Turning Architecture Into Code Structure

Once the architecture is clear, the next job is to turn it into a maintainable codebase.

A practical baseline stack:

  • FastAPI for APIs
  • PostgreSQL for structured and time-series data
  • pgvector for document embeddings
  • Redis for cache and transient state
  • background workers for ingestion and embeddings
app/
├─ api/
│  └─ routes/
├─ core/
├─ models/
├─ services/
├─ agents/
├─ workers/
└─ schemas/

The goal is to separate HTTP routing, domain logic, orchestration, and background jobs.

API Endpoints Should Map to Real Use Cases

A good first set might be:

  • POST /analysis/stock
  • POST /analysis/screen
  • POST /portfolio/evaluate
  • POST /paper-trading/proposals
  • GET /analysis/{run_id}

These are user-oriented workflows, not arbitrary CRUD endpoints.

Example Request Flow

POST /analysis/stock

Input:

{
  "symbol": "NVDA",
  "question": "Analyze new-entry risk over the next 30 days",
  "portfolio_id": "pf_001"
}

Internal flow:

  1. route validates request
  2. agent_service is called
  3. Router parses intent
  4. market_data_service builds a structured summary
  5. retrieval_service retrieves context
  6. risk_service evaluates portfolio rules
  7. response composer creates final output
  8. result is stored and returned

PostgreSQL Schema Design

Example core tables:

create table symbol (
  id bigserial primary key,
  ticker text not null unique,
  name text not null,
  sector text,
  industry text,
  market text
);

create table news_article (
  id bigserial primary key,
  symbol_id bigint references symbol(id),
  title text not null,
  body text not null,
  source text,
  published_at timestamptz not null
);

Timestamp fidelity is especially important in this domain.

How pgvector Fits In

Example chunk table:

create table document_chunk (
  id bigserial primary key,
  symbol_id bigint references symbol(id),
  source_type text not null,
  source_document_id bigint not null,
  chunk_text text not null,
  embedding vector(1536),
  published_at timestamptz,
  metadata jsonb default '{}'::jsonb
);

Filtering by symbol, source type, and time matters just as much as similarity itself.

Retrieval Service Interface

A practical service boundary might be:

class RetrievalService:
    async def search_symbol_context(
        self,
        symbol: str,
        query: str,
        days: int = 30,
        top_k: int = 5,
    ) -> list[dict]:
        ...

This keeps the API layer clean and makes later replacement easier.

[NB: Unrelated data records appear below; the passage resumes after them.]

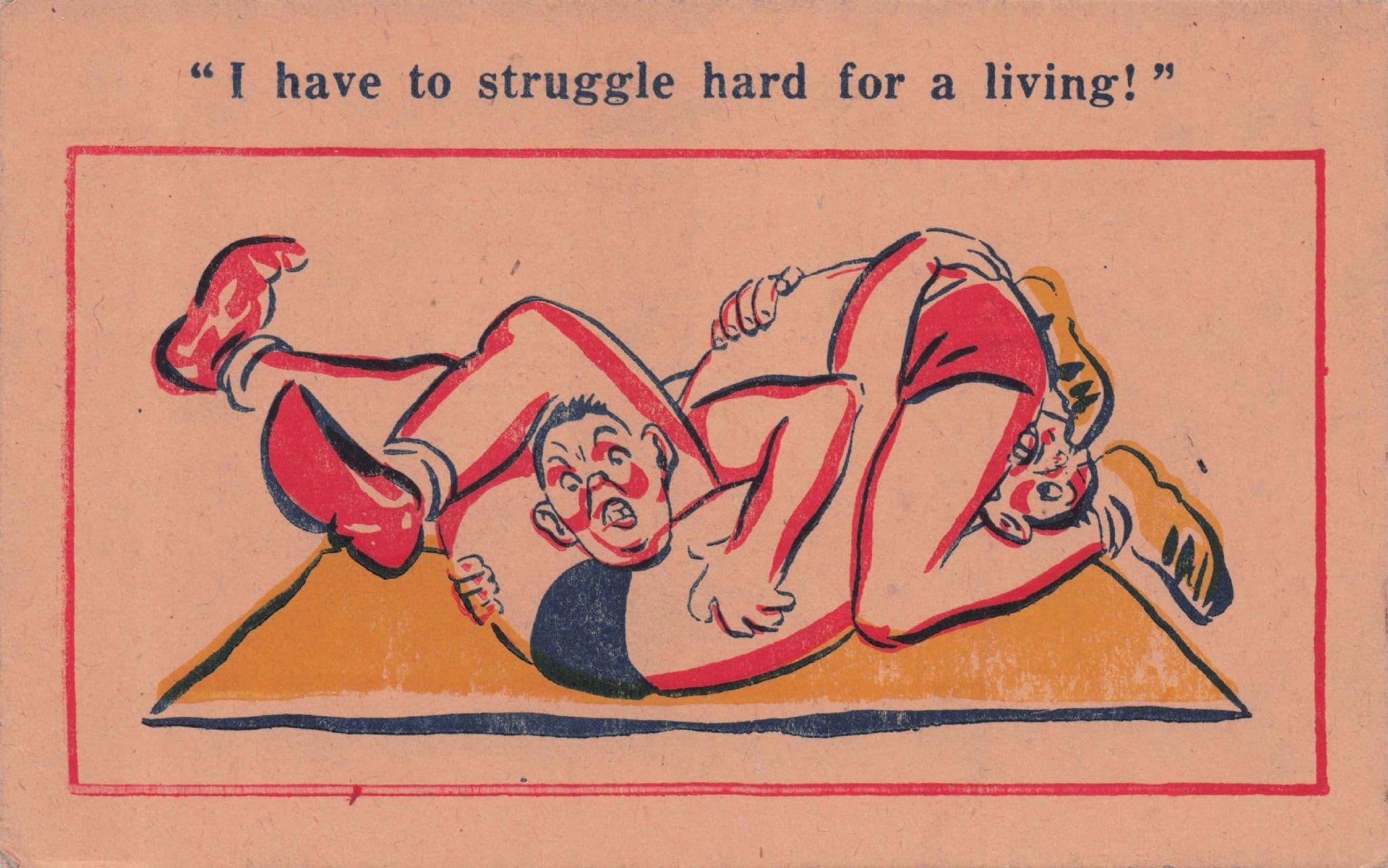 Wrestlers Wrestling Donald McGill Constance Antique Comic Postcard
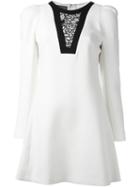 Giambattista Valli Lace Panel Mini Dress, Women's, Size: 42, Nude/neutrals, Silk/cotton/polyamide/viscose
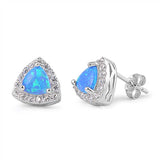 Sterling Silver Trillion Shape With Blue Lab Opal Earrings With CZ StonesAnd Earring Height 9mm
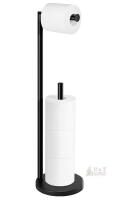 Batoliet Black Stainless Steel Toilet Paper Holder Stand, Freestanding, Holds 4 Rolls, 25.6" H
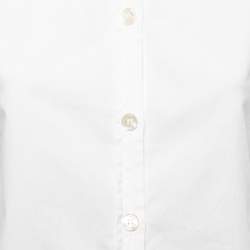 Pre Owned Miu Miu White Cotton & Lace Collar Detail Shirt S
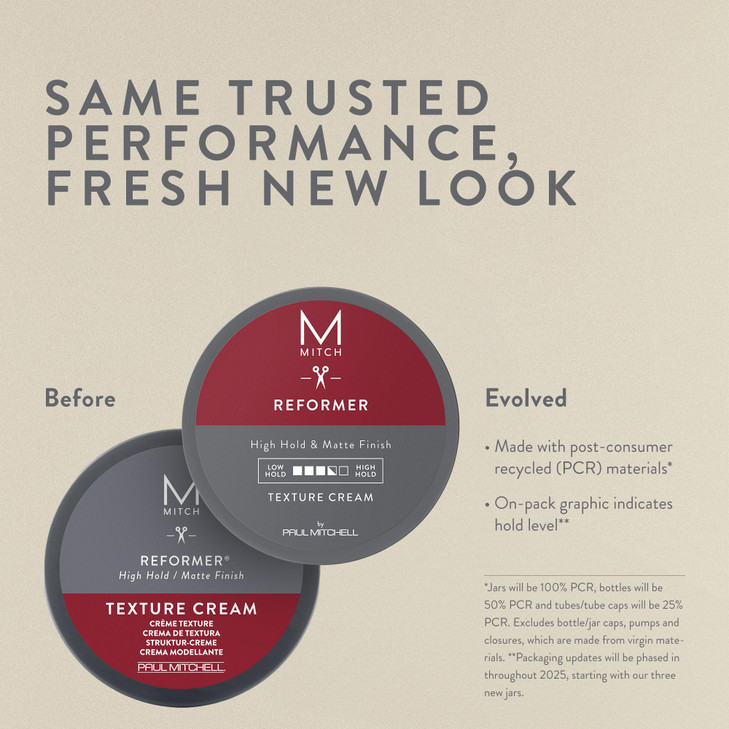 MITCH by Paul Mitchell Reformer Texture Cream for Men High Hold Matte Finish For All Hair Types Especially Fine to Mediu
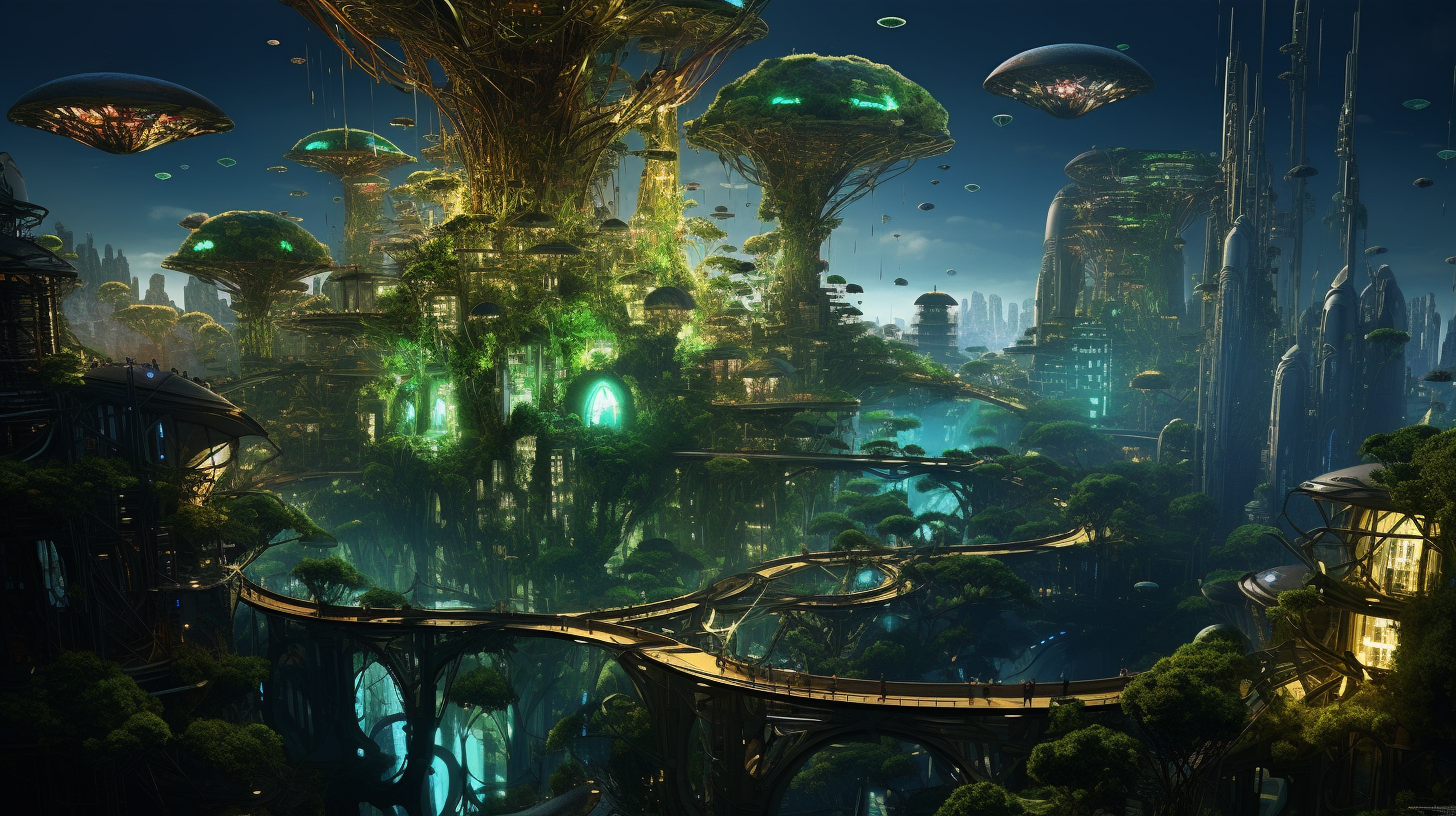 Aerial view of futuristic Byzantium's floating gardens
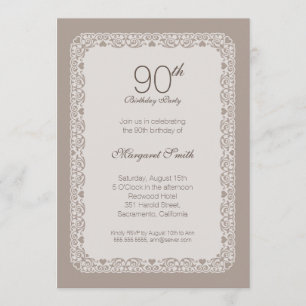 Soignée ornementale 90e anniversaire Invitations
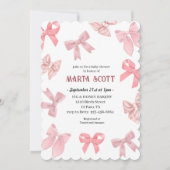 ピンクボウズ赤ちゃんシャワー 招待状 (正面)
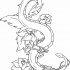 Pleased colorless dragon entwined with floral stem tattoo design
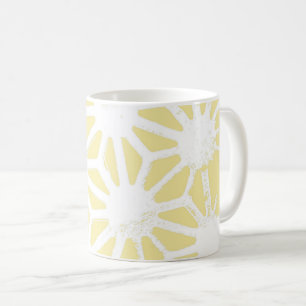 Taza De Café Patrón geométrico amarillo limón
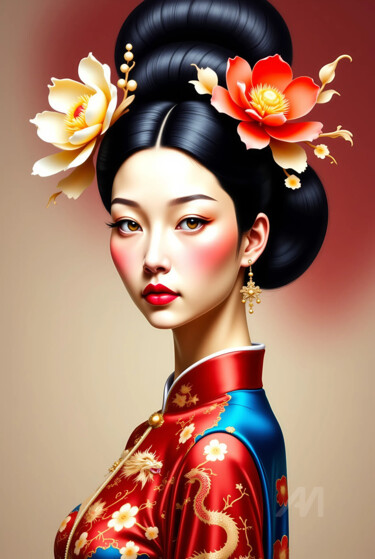 数字艺术 标题为“17-Oriental woman p…” 由Teresa Casas, 原创艺术品, AI生成的图像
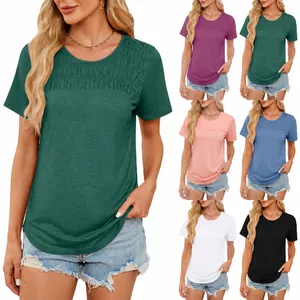 Women's Casual Smocking Crew Neck T-Shirt Solid Color Loose Short Sleeve Shirred Top Summer Fashion Cotton Blend Basic Tee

Agent Service as the Orchestration Layer

Example shape:

class StockAnalysisAgentService:
    async def run(self, symbol: str, question: str, portfolio_id: str | None):
        query = self.router.parse(question)
        price_summary = await self.market_data.get_price_summary(symbol)
        contexts = await self.retrieval.search_symbol_context(symbol, question)
        risk = await self.risk.evaluate(symbol, portfolio_id)
        return await self.composer.compose(
            symbol=symbol,
            query=query,
            price_summary=price_summary,
            contexts=contexts,
            risk=risk,
        )

The main value is keeping orchestration reusable and testable.

What Should Be Async?

Synchronous paths

  • user-triggered stock analysis
  • portfolio review

Background paths

  • news ingestion
  • filing ingestion
  • transcript storage
  • embedding generation
  • scheduled daily research jobs

Separating those two paths is essential for reliability.

Redis Use Cases

Redis can support:

  • recent analysis cache
  • status tracking for async runs
  • duplicate request suppression
  • worker coordination

Example keys:

analysis:run:{id}
analysis:latest:NVDA
screening:daily:semiconductor

Connect Analysis to Paper Trading Safely

It helps to separate:

  • analysis_run
  • trade_proposal
  • proposal_approval
  • paper_order

That keeps analysis and execution loosely coupled and approval-friendly.

Closing Thoughts

A useful implementation is not about using the most complex stack. It is about clean layering.

Good design here means:

  • separate ingestion from user-facing analysis
  • keep orchestration outside routes
  • treat retrieval as symbol-aware and time-aware
  • separate analysis from execution through proposal objects

That structure gives the system room to grow.